Dans son édition du 25 août 2005, la très sérieuse Neue Zürcher Zeitung consacrait un article à la fermeture de la ferme de Darley Oaks, à Newchurch, dans le Staffordshire anglais. Cette ferme, spécialisée dans l’élevage de cobaye destinés à des laboratoires d’expérimentation était devenue depuis six ans la cible d’activistes du Front de Libération Animale et de sa branche la plus radicale, l’Animal Rights Milita. De l’autre côté de l’Atlantique aux États-Unis, Louis J. Freeh, directeur du FBI, déclarait en 2002 que «ces dernières années, le Front de Libération Animale (ALF) (…) est devenu l’un des éléments extrémistes les plus actifs aux États-Unis».
Le Front de Libération Animale doit-il véritablement être considéré comme un mouvement violent? voire terroriste? Quelles sont ces origines? S’agit-il d’un mouvement unifié?
Paru en 2004, l’ouvrage édité par Steven Best et Anthony Nocella II, Terrorists or Freedom Fighters? Reflections on the Liberation of Animals (Lantern Books, New York, 2004) livre un regard lucide sur la libération animale: on y trouvera aussi bien des contributions d’activistes illustres – pour certains ayant passé du temps en prison, comme par exemple Robin Webb, porte-parole de l’ALF en Angleterre, Rod Coronado, porte-parole d’ALF aux États-Unis ou Paul Watson, un des membres fondateurs de Greenpeace – que des articles de scientifiques renommés comme Tom Regan (professeur émérite de philosophie à l’université de Caroline du Nord), Judith Barad (professeure à l’université de l’Indiana) ou Mark Bernstein (professeur de philosophie à l’université de San Antonio).
L’ouvrage est structuré en six parties («History», «Liberation», «Motivation», «Perception», «Tactics», «Terror»), complétées par trois annexes («My Experience with Government Harassment» de Rod Coronado, «Letters From the Underground: Parts I and II», anonymes et «Defining Terrorism»par Steven Best et Anthony J. Nocella II) et rassemble pas moins de 25 contributions – presque toutes originales – qui offrent un panorama complet et réfléchi des questions soulevées par la libération animale.
1. Histoire
Dans la première partie consacrée à l’historique de l’ALF, on lira «Thirty Years of Direct Action» de Noel Molland mais surtout la contribution de Kim Stallwood «A Personal Overview of Direct Action in the United Kingdom and the United States».
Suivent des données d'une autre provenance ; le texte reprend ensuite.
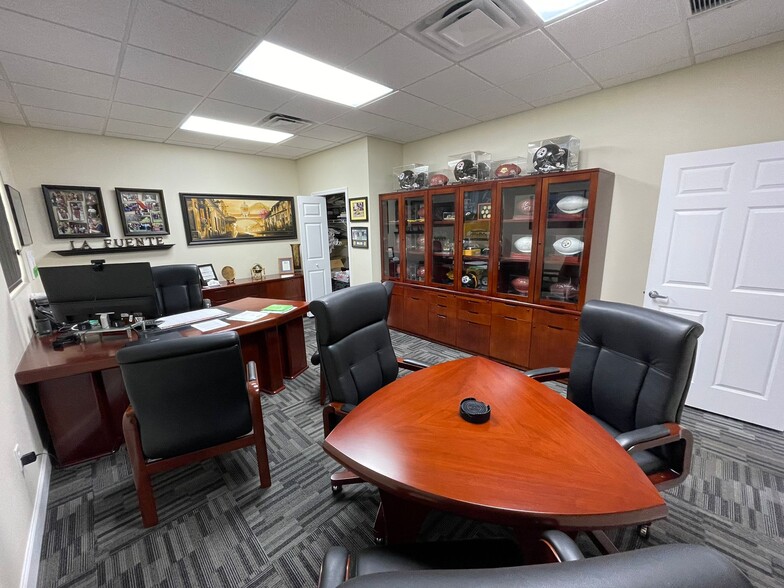 More Photos Of 3306 Waterfield Rd, Lakeland Warehouse For Lease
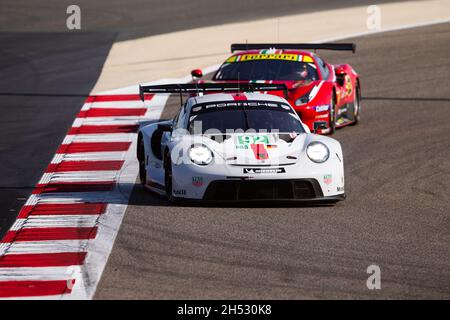 Bahreïn.06e novembre 2021.92 estre Kevin (fra), Jani Neel (che), Christensen Michael (dnk), Porsche GT Team, Porsche 911 RSR - 19, action pendant les 8 heures de Bahreïn, 6ème tour du Championnat mondial d'endurance 2021 de la FIA, FIA WEC, sur le circuit international de Bahreïn, du 4 au 6 novembre 2021 à Sakhir,Bahreïn - photo Joao Filipe / DPPI crédit: DPPI Media / Alay Live News Banque D'Images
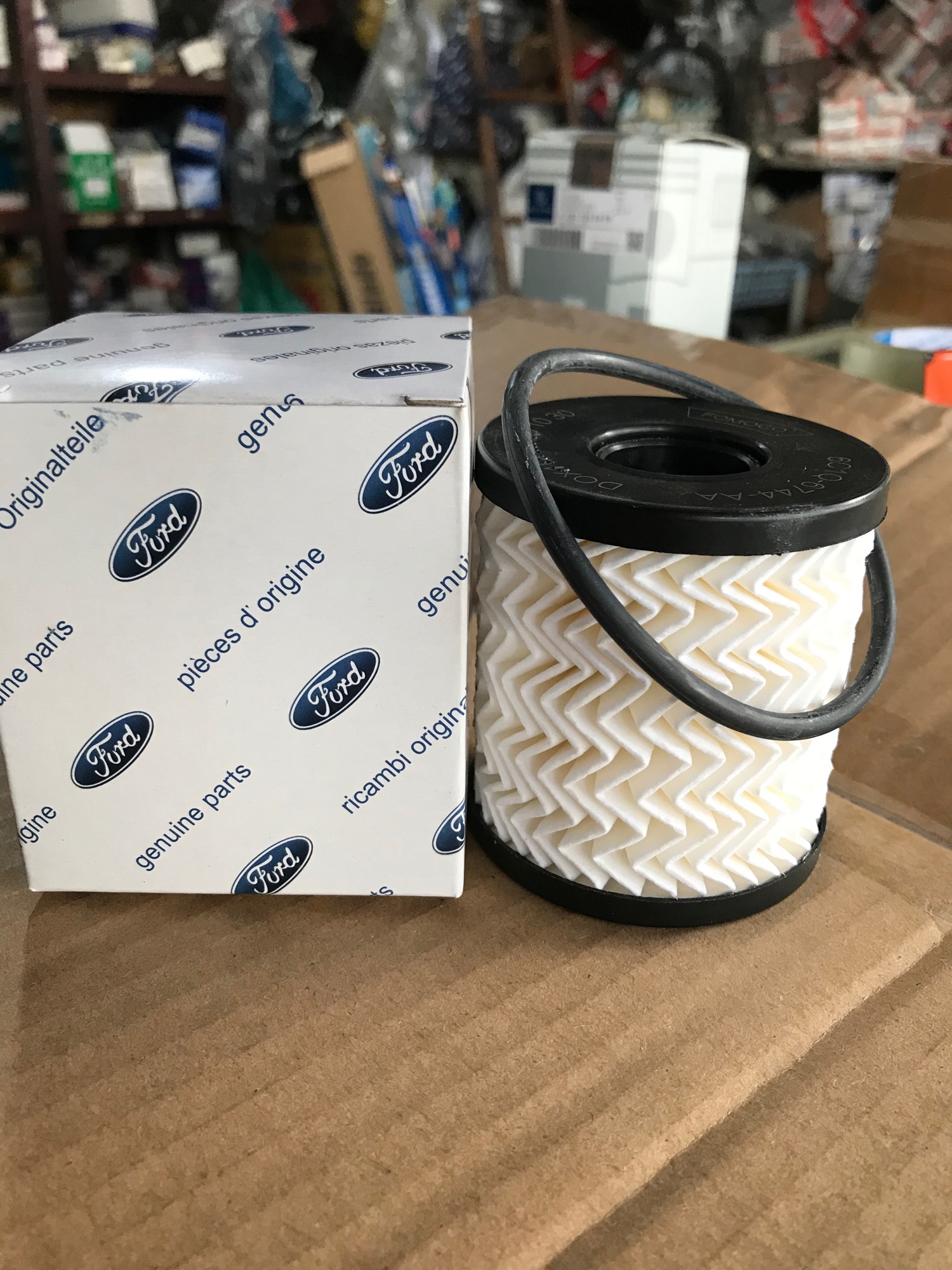[HCM] Lọc Nhớt Động Cơ Ford Transit 2008-2021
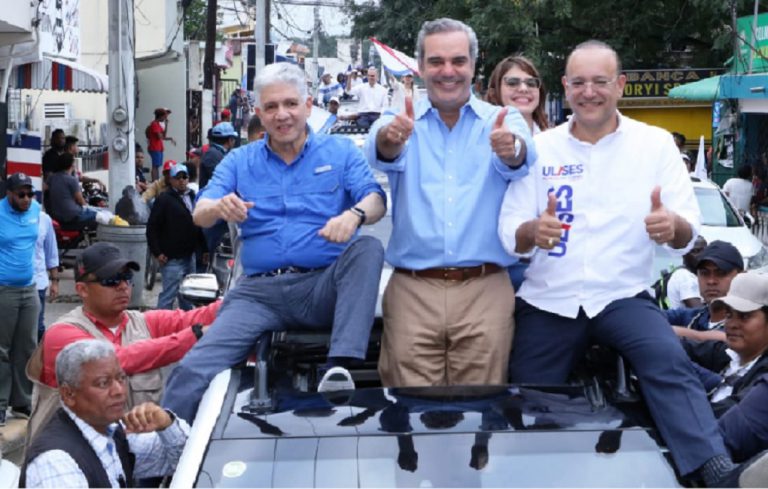 Abinader firma acuerdo para construir planta de aguas residuales, presa de Ámina y otras obras importantes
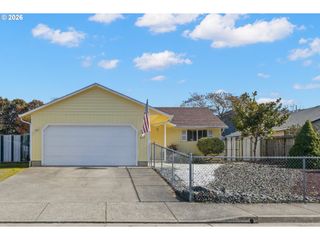 245 Se WILDWOOD Way, Myrtle Creek, OR 97457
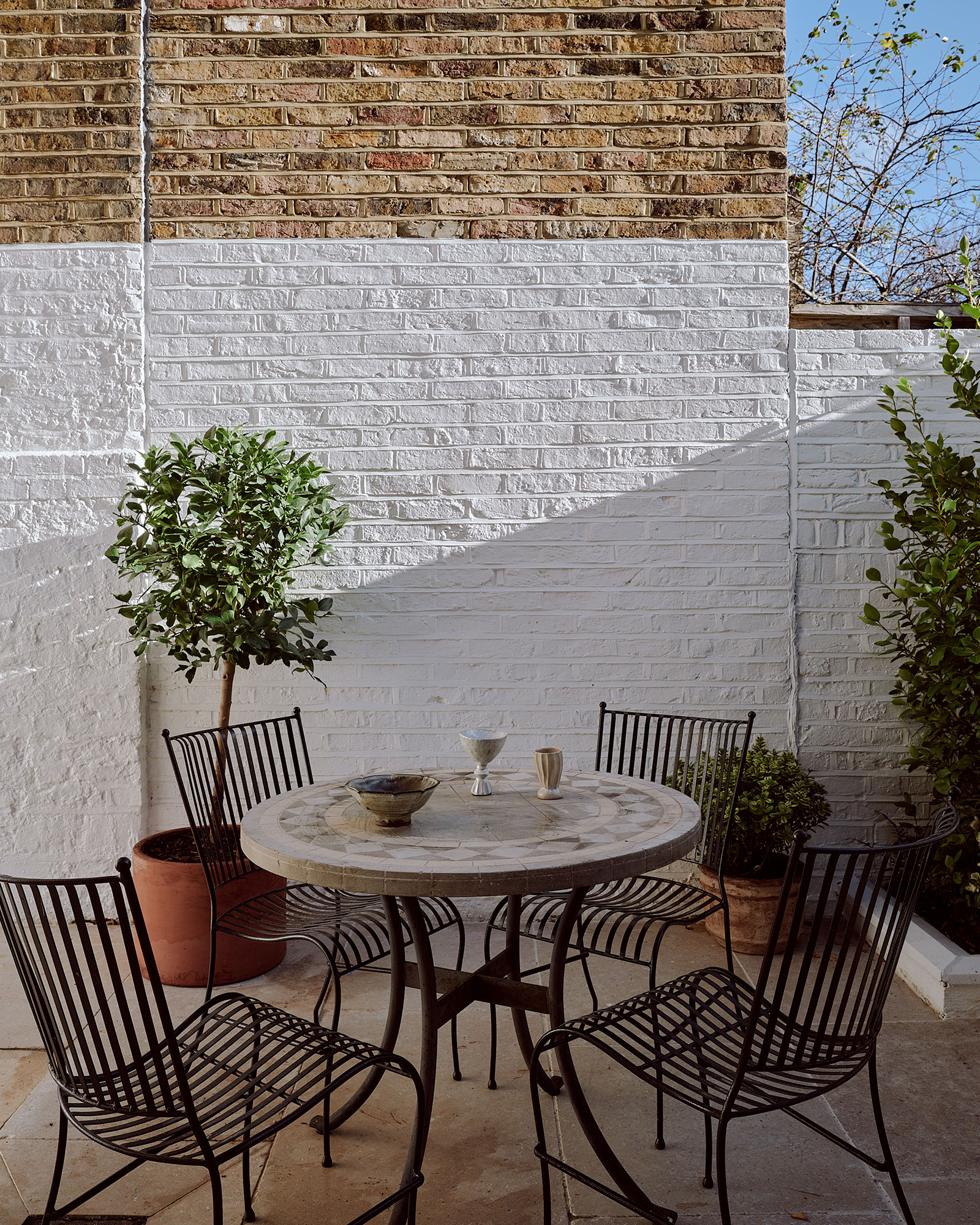 alta_townhouse_london-england_exterior.jpg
Dans cet article, Stallwood, activiste depuis 1973, dresse une chronologie de la genèse du mouvement. Dans les années 1960, on assiste aux premiers «balbutiements» de la libération animale lors d’actions de sabotages de la chasse perpétrées par «l’Association des saboteurs de la chasse» («Hunt Saboteurs Association» ou HSA). En 1972, un groupe de militants autour de Ronnie Lee et Cliff Goodman – estimant les tactiques de la HSA insuffisamment «radicales» – fonda la «Bande de la Miséricorde» («Band of Mercy»). Trois ans plus tard, Lee et Goodman étaient condamnés pour des dommages causés à des laboratoires de recherche utilisant des animaux.
A sa sortie de prison en 1976, Ronnie Lee rebaptisa la «Bande de la Miséricorde» en «Front de Libération Animale» («Animal Liberation Front» ou ALF). Une année plus tard, on assistait à la première action de libération aux États-Unis (deux marsouins sont libérés d’un laboratoire de recherches à Hawaii).
L’article de Stallwood est intéressant dans la mesure où il ne présente pas seulement une histoire du mouvement, mais également les dissensions au sein de celui-ci. Ainsi, dès 1984 et la possibilité d’actions violentes contre des personnes abusant d’animaux invoquée par Ronnie Lee («les activistes devraient instituer de nouveaux groupes sous de nouveaux noms dont les codes de conduite n’excluent pas l’usage de la violence contre des personnes qui abusent des animaux», p. 84) on assiste à un «schisme» au sein de la mouvance en Grande-Bretagne. Soutenue jusque là logistiquement par l’Union britannique pour l’abolition de la vivisection (British Union for the Abolition of Vivisection, BUAV), l’ALF est expulsée des locaux prêtés par la BUAV, suite à son changement de tactiques.
Selon Stallwood, «le changement de philosophie d’une stratégie non-violente d’action illégale directe à une stratégie violente coûta à l’ALF sa couverture médiatique sympathisante et le soutien croissant de la part du public» (p. 85).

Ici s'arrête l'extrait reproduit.